When the string "image" appears in a line of the records, show the whole line.
※ ※ ※
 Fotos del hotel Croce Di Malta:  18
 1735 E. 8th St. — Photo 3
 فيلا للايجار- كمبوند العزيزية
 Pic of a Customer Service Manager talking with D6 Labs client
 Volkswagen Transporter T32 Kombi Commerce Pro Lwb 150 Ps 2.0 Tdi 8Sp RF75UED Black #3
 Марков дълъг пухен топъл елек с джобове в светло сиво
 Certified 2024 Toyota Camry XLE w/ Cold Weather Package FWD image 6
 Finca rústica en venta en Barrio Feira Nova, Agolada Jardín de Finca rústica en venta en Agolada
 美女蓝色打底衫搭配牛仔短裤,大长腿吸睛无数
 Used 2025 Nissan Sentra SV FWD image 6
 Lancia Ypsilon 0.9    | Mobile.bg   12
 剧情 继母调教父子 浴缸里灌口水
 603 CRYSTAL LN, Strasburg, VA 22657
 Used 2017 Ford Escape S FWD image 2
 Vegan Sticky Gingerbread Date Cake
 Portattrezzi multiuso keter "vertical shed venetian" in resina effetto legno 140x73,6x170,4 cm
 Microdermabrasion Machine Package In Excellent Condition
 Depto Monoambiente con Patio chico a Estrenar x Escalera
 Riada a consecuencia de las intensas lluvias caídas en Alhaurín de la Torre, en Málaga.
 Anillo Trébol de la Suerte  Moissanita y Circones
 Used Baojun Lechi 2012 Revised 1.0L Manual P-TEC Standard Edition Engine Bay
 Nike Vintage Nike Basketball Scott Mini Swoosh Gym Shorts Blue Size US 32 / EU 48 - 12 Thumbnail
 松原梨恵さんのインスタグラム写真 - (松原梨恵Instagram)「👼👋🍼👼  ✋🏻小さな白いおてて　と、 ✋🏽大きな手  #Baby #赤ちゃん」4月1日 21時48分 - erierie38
※ ※ ※
■ Result ■
 Certified 2024 Toyota Camry XLE w/ Cold Weather Package FWD image 6
 Used 2025 Nissan Sentra SV FWD image 6
 Used 2017 Ford Escape S FWD image 2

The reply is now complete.